The syntax and output for the AIPW estimator is nearly similar to that for the IPWRA estimator.
. teffects aipw (bweight mage prenatal1 mmarried fbaby) ///
(mbsmoke mmarried c.mage##c.mage fbaby medu, probit) ///
, pomeans aequations
Iteration 0: EE criterion = 4.632e-21
Iteration 1: EE criterion = 5.810e-26
Remedy-effects estimation Variety of obs = 4642
Estimator : augmented IPW
Consequence mannequin : linear by ML
Remedy mannequin: probit
-------------------------------------------------------------------------------
| Strong
bweight | Coef. Std. Err. z P>|z| [95% Conf. Interval]

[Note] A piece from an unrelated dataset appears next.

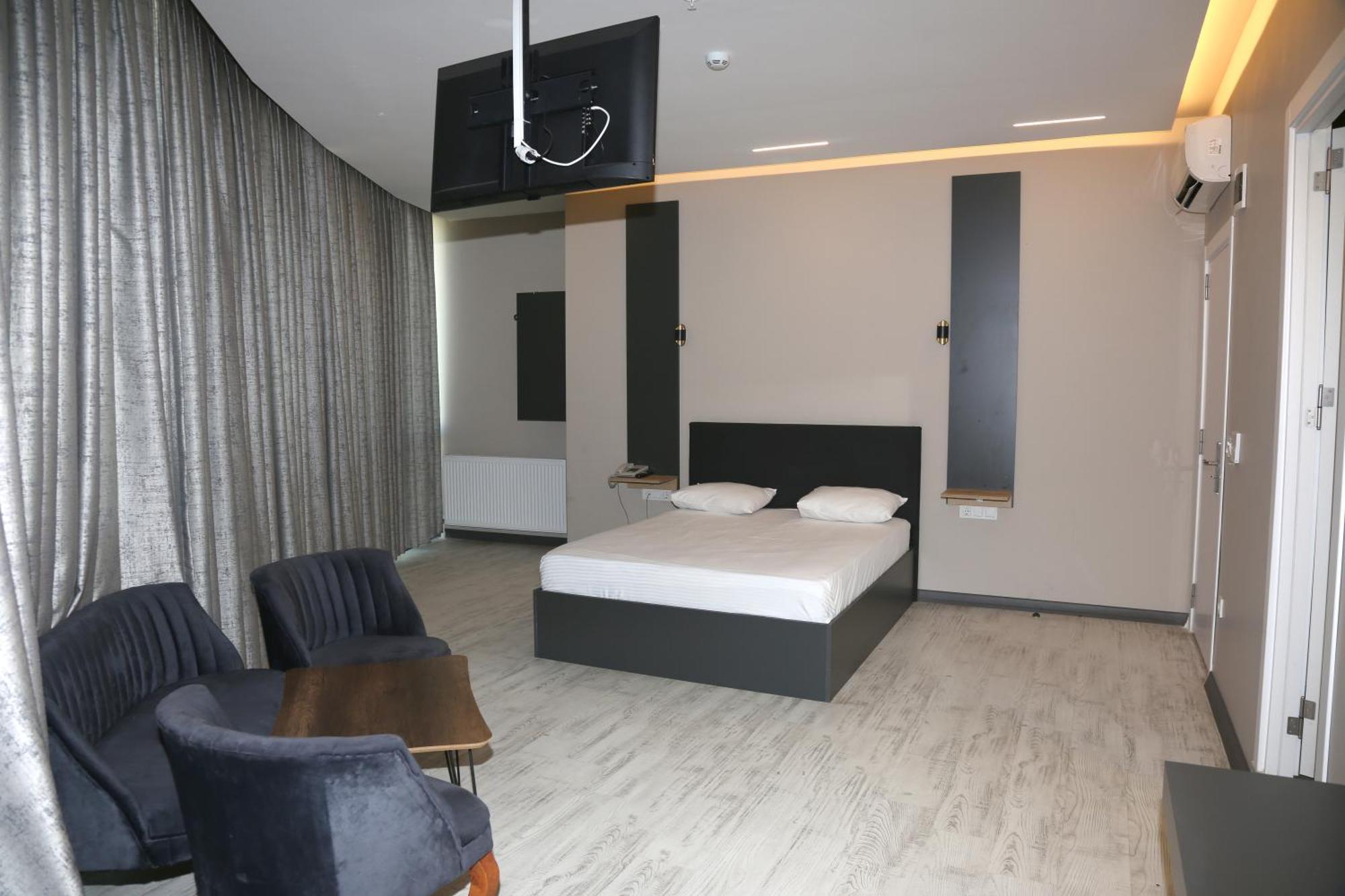 Zoom Hotel Estambul Exterior foto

--------------+----------------------------------------------------------------
POmeans |
mbsmoke |
nonsmoker | 3403.355 9.568472 355.68 0.000 3384.601 3422.109
smoker | 3172.366 24.42456 129.88 0.000 3124.495 3220.237
--------------+----------------------------------------------------------------
OME0 |
mage | 2.546828 2.084324 1.22 0.222 -1.538373 6.632028
prenatal1 | 64.40859 27.52699 2.34 0.019 10.45669 118.3605
mmarried | 160.9513 26.6162 6.05 0.000 108.7845 213.1181
fbaby | -71.3286 19.64701 -3.63 0.000 -109.836 -32.82117
_cons | 3202.746 54.01082 59.30 0.000 3096.886 3308.605
--------------+----------------------------------------------------------------
OME1 |
mage | -7.370881 4.21817 -1.75 0.081 -15.63834 .8965804
prenatal1 | 25.11133 40.37541 0.62 0.534 -54.02302 104.2457
mmarried | 133.6617 40.86443 3.27 0.001 53.5689 213.7545
fbaby | 41.43991 39.70712 1.04 0.297 -36.38461 119.2644
_cons | 3227.169 104.4059 30.91 0.000 3022.537 3431.801
--------------+----------------------------------------------------------------
TME1 |
mmarried | -.6484821 .0554173 -11.70 0.000 -.757098 -.5398663
mage | .1744327 .0363718 4.80 0.000 .1031452 .2457202
|
c.mage#c.mage | -.0032559 .0006678 -4.88 0.000 -.0045647 -.0019471
|
fbaby | -.2175962 .0495604 -4.39 0.000 -.3147328 -.1204595
medu | -.0863631 .0100148 -8.62 0.000 -.1059917 -.0667345
_cons | -1.558255 .4639691 -3.36 0.001 -2.467618 -.6488926
-------------------------------------------------------------------------------
The ATE is 3172.366 – 3403.355 = -230.989.
Ultimate ideas
The instance above used a steady consequence: birthweight. teffects will also be used with binary, depend, and nonnegative steady outcomes.
The estimators additionally permit a number of therapy classes.
A complete guide is dedicated to the treatment-effects options in Stata 13, and it features a fundamental introduction, superior dialogue, and labored examples. If you want to be taught extra, you’ll be able to obtain the [TE] Remedy-effects Reference Guide from the Stata web site.
Extra to come back
Subsequent time, partially 2, we are going to cowl the matching estimators.
Reference
Cattaneo, M. D. 2010. Environment friendly semiparametric estimation of multi-valued therapy results underneath ignorability. Journal of Econometrics 155: 138–154.